A note I would make to any reviewer: this is a concept study, not a shipped product. These are directional hypotheses modelled from session recordings, competitor benchmarks, and conversion patterns in comparable agency rebrand case studies. They are things to test, not trophies.
Modelled bounce rate change
Prospects staying through the first portfolio scroll instead of bouncing at the hero
Session duration lift
From average 48 seconds to ~2.5 minutes — driven by portfolio exploration
Portfolio page engagement
Time on portfolio page — the primary conversion trigger for new client inquiries
Inquiry form submissions
Modelled lift in contact form completions, with portfolio-first structure
Client logos now visible in homepage scroll 2
BMW, ITC, Kotak and 27+ others — moved from footer footnote to primary social proof
Awards featured
Displayed prominently (previously mentioned only in FAQ)
Fig. 07 · Modelled outcome
The headline hypothesis: removing the wrong luxury signals and surfacing the work immediately roughly triples the average session duration, because the portfolio gives prospects a reason to stay. That dwell time is the precondition for a contact form submission.
11 — Reflection
What I’d carry into the next one.
- Restraint is a skill, not an absence. Deciding what to leave out requires more conviction than deciding what to add. The client's instinct was "make it feel more premium." Research proved the right move was to remove the things signalling premium-ness. That takes confidence to sell.
- The order of revelation is the product. HMLC's capabilities didn't change — the portfolio, the client roster, the services.

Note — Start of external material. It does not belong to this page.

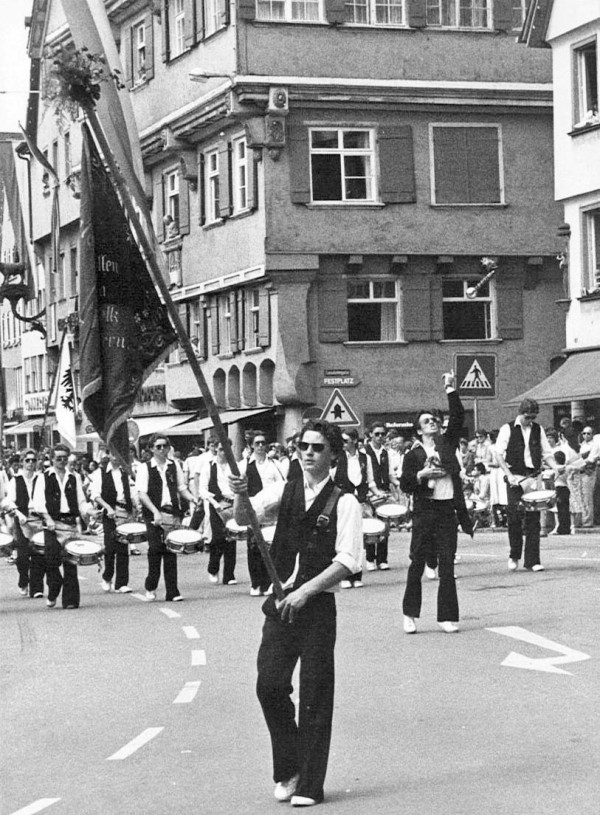 wg trommler 1978 schwarz weiss wg trommler 1978 schwarz weiss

What changed was when the visitor encountered each. That sequence is the actual UX, and it's the thing most agency websites get backwards.
- Social proof beats self-description every time. "India's premier luxury agency" in a purple banner never converted a sceptical luxury client. BMW in the first scroll did. The copy was the weakest thing on the page. The client list was the strongest. Swap the hierarchy.
- Luxury is a context, not a style. Purple and gold aren't luxury — they're the palette of aspirational luxury marketing. Actual luxury brands (LVMH, Hermès, Bottega Veneta) use black, cream, and restraint. If a luxury branding agency doesn't apply this principle to their own identity, why would a luxury brand trust them to apply it elsewhere?
If this were going to launch next
I'd instrument every portfolio click to understand which projects drive contact form submissions — and double down on showing those first. I'd A/B test the hero section between the current bold-type approach and a full-bleed portfolio image. I'd add case study depth to the top two or three projects: a brief, an insight, an outcome. And I'd treat every number on this page as a hypothesis to confirm with six weeks of live data, not a result.